Why Indians and Nigerians are the future of global workforce
There are many hypotheses on why China is slowing down. I feel this chart explains deserves more attention:
China is aging fast and its “one child policy” is changing the dependency ratios. It is only going to get tougher in the next few years as China’s population will grow slowly causing the average age keeps moving up. The Chinese government realizes this and has decided to do away with the policy. However, it is unlikely that China will be able to change its dependence ratio anytime soon.
The average Chinese will be older than the average American in 2050. The average Indian in 2050 will be the same as an average American today (37 years old).
China in 2050 is likely to look a lot more like Denmark or Japan than like America. Countries like India and Nigeria, on the other hand, are only going to have a majority of their population available for productive work.

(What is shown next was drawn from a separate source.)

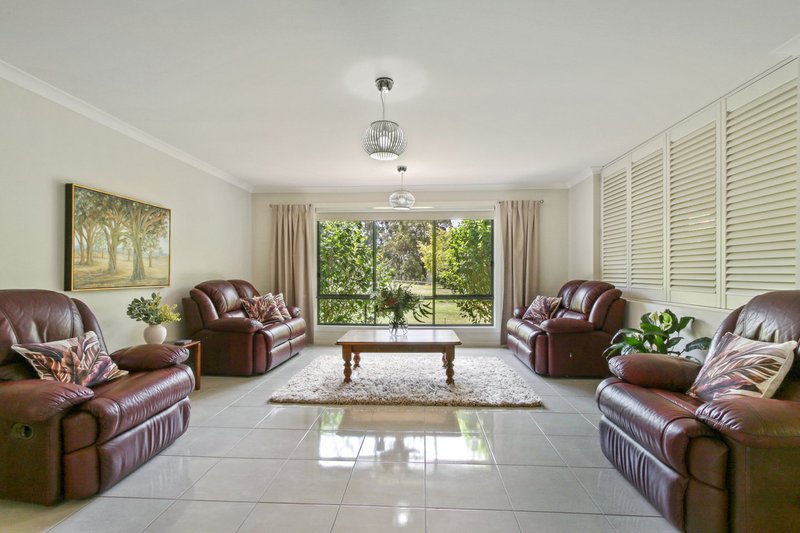 Photo - 86 Mathiesons Road, Eagle Point VIC 3878 - Image 4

Here is are two interesting graphs I discovered:
What does it mean?
- India will remain the center of gravity for world’s workforce/economic growth with the maximum number of employable individuals and if globalization does not die post-Trump era, one of India’s major export will be employable Humans.
- Countries like Indonesia and Nigeria have the potential of becoming other knowledge centers
- China will keep slowing down, but it will still be a behemoth given its significant denominator. China will look a lot more like EU does now.

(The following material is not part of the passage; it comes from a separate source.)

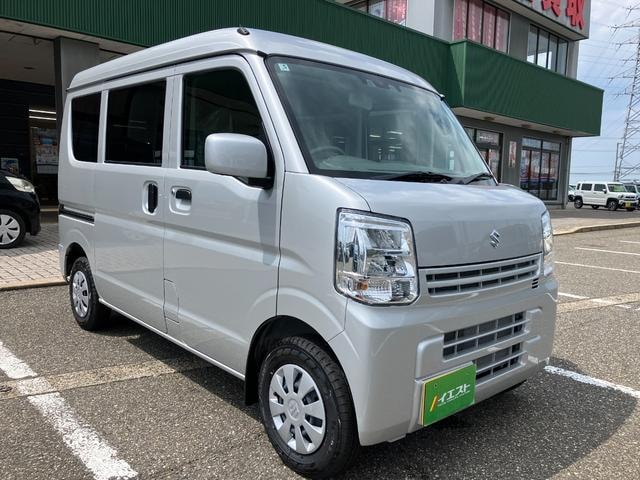 Миниатюра 27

- It will be crippling for the youth to live in Europe as the continent becomes gray if immigration policies are tightened
- EU and US need to focus on their demographic policies.
Campaigns like the one below (“Do it for Denmark.”) are relatively popular in Denmark and we’re likely to see them across the globe as developed nation-states will struggle to balance nationalism with lowering fertility.
But what about the US?
US will divide between youth centers and grey zones. I’m extremely surprised that people don’t attribute Silicon Valley’s success to its youth.
The SF Bay Area is exceptionally “young/productive/independent” for the US with 65.5% of the population in the 18–64 age group. Bay Area’s youth is also extremely well educated and has easy access to capital — a potent mix which is powering the American innovation story.
New York is similar in terms of dependence ratio, a little lower on education rate — NYC grows faster than the US on average too.